No procedural complications were reported apart from two cases of self-limiting femoral hematoma. A few patients reported adverse reactions during follow-up. One RDN patient and two SHAM patients were shortly hospitalized during follow-up due to increasing BPs. One SHAM patient suffered a stroke and one SHAM patient had a percutaneous coronary intervention due to unstable angina. Both incidents occurred several weeks after the SHAM procedure and were not considered procedure related. There were no overall changes in renal function in either group. Minor symptoms such as tiredness, headache, atypical chest pain, muscle convulsions and fatigue were reported by five RDN patients and by six SHAM patients. Those patients experiencing a large BP rise had not developed renal arterial stenosis.

DISCUSSION

ReSET is the first single-center randomized SHAM-controlled study to address the potential effect of RDN treatment based on ABPM measurement in patients with pronounced resistant hypertension. We found similar but modest reductions in ABPM parameters at 3 and 6 months with both RDN and SHAM treatment. Although carefully administered by an experienced operator, our study could not show beneficial effects of RDN treatment compared with SHAM treatment with respect to the primary or secondary efficacy endpoints. However, a borderline significant effect on ABPM at 1 month could be observed in favor of RDN treatment, which may reflect a transient effect of RDN. Interestingly, this was accompanied by a significant reduction in plasma levels of aldosterone in the RDN group compared with the SHAM group. A similar effect of RDN on plasma levels of aldosterone has previously been reported [19] and does suggest that some reduction in renal sympathetic afferent nerve activity was actually achieved [20]. However, plasma renin and angiotensin II were unaltered and changes in aldosterone were modest, and because we did not plan for hormone analyses at 3 and 6 months, this finding could not be further elucidated. Nevertheless, our data may support a measurable biological impact of RDN, but the effect did not translate into a sustained BP reduction.

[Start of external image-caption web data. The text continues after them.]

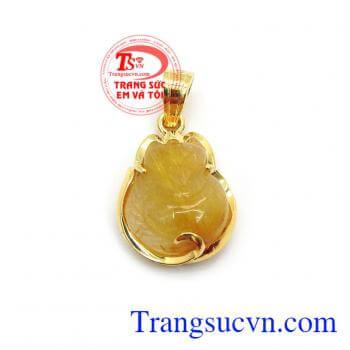 Mặt dây hồ ly quyến rũ là sản phẩm hồ ly bọc vàng sang trọng mang lại nhiều may mắn, tình duyên cho người đeo,Mặt dây hồ ly quyến rũ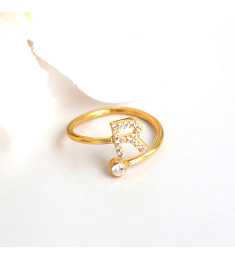 خاتم فضة خالص بحرف#277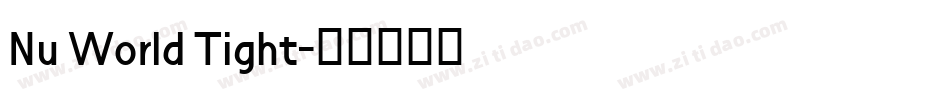 Nu World Tight字体转换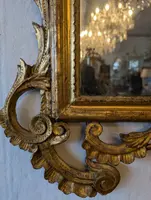 Genovese Louis XV mirror in gilded wood - 18th cent.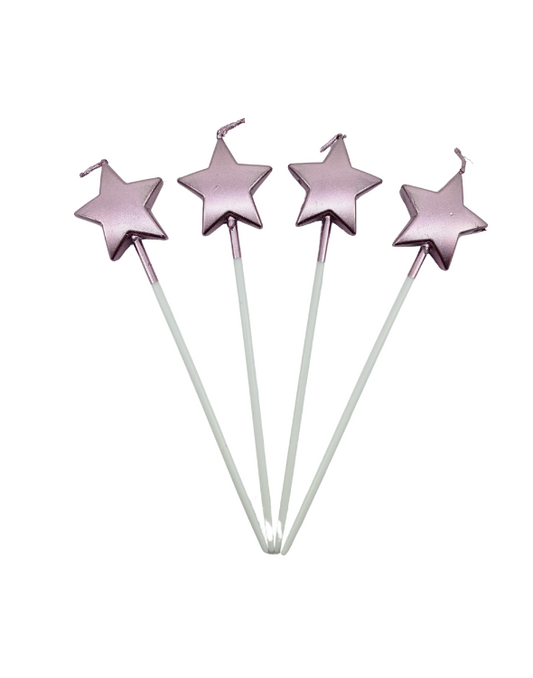VELA ESTRELLA ROSADA X4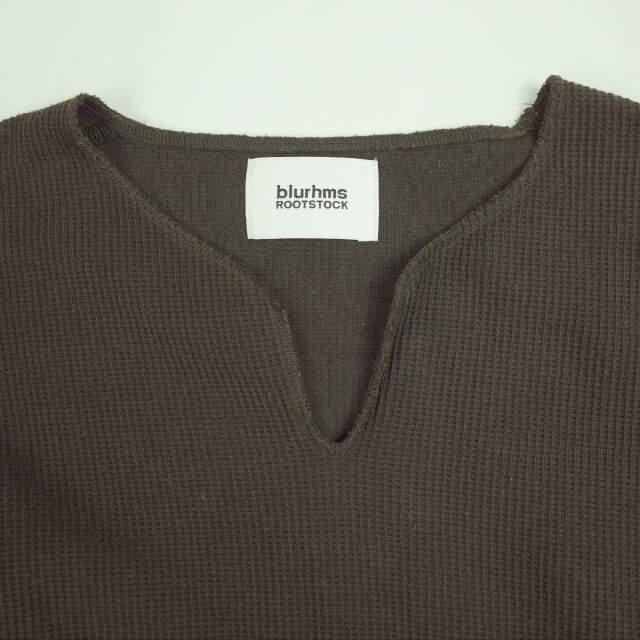 blurhmsサーマルカットソー/3/bROOTS22F15 blurhmsサーマルカットソー/3/bROOTS22F15 blurhms ROOTSTOCK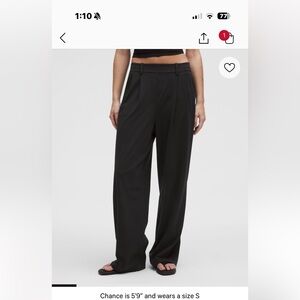 Lululemon Athletica Black Relaxed Trousers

Also, the larger HTN3 trial showed no significant RDN effect on BP when compared with SHAM. Major criticism of this finding was the multicenter design of the trial, and the fact that a large proportion of the RDN procedures were carried out at low-volume centers and by inexperienced operators [10]. Importantly, this criticism is addressed in the ReSET study, as all procedures were carried out by an experienced RDN operator at a single high-volume center.

Although the ablation technique appears simple, a correct spiral location of the applied ablation spots in each renal artery may be crucial for the effect to occur [21]. Moreover, sympathetic nervous fibers may not be located as intimately to the renal arterial wall as suggested [22]. The delivery of sufficient energy also at the distal part of each renal artery may therefore be needed to remove the sympathetic conduction. Unfortunately, there is no established way to document how far renal sympathetic nerve conduction is actually affected during ablation. For any clinical RDN study so far, it is therefore uncertain to what extent renal sympathetic tone has been modulated. However, in our study, the number of technical successful ablations (see methods) in each renal artery was higher compared with the HTN3 trial. This may be important, as the number of achieved successful ablation has been suggested to predict efficacy outcome [22].

Importantly also, patients in our study were evaluated with renal computed axial tomography angiography in advance. This may have avoided a potential pressure on the operator to accept borderline renal artery anatomies for study randomization that otherwise could affect efficacy outcome.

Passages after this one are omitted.